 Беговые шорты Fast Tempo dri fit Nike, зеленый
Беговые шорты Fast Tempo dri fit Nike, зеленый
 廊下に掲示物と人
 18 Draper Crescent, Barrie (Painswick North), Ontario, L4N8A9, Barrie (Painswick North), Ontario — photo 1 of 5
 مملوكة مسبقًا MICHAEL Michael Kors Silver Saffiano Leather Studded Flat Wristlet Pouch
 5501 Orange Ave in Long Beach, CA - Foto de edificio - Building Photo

---

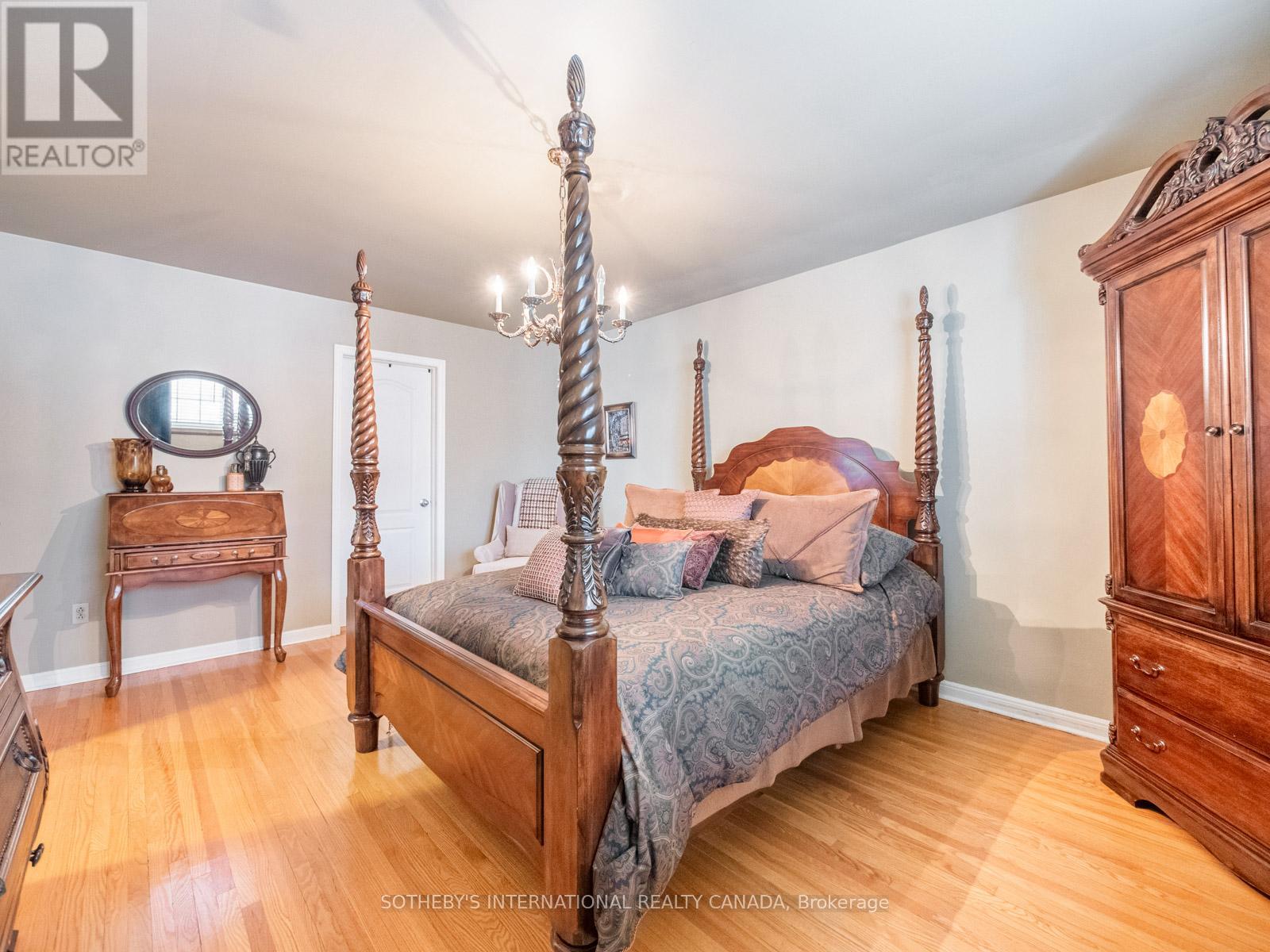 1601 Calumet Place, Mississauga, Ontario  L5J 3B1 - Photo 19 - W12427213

What the task asks :: Scan the material above for lines holding the string "шорты" and copy those lines.

Task solution ::
 Беговые шорты Fast Tempo dri fit Nike, зеленый
Беговые шорты Fast Tempo dri fit Nike, зеленый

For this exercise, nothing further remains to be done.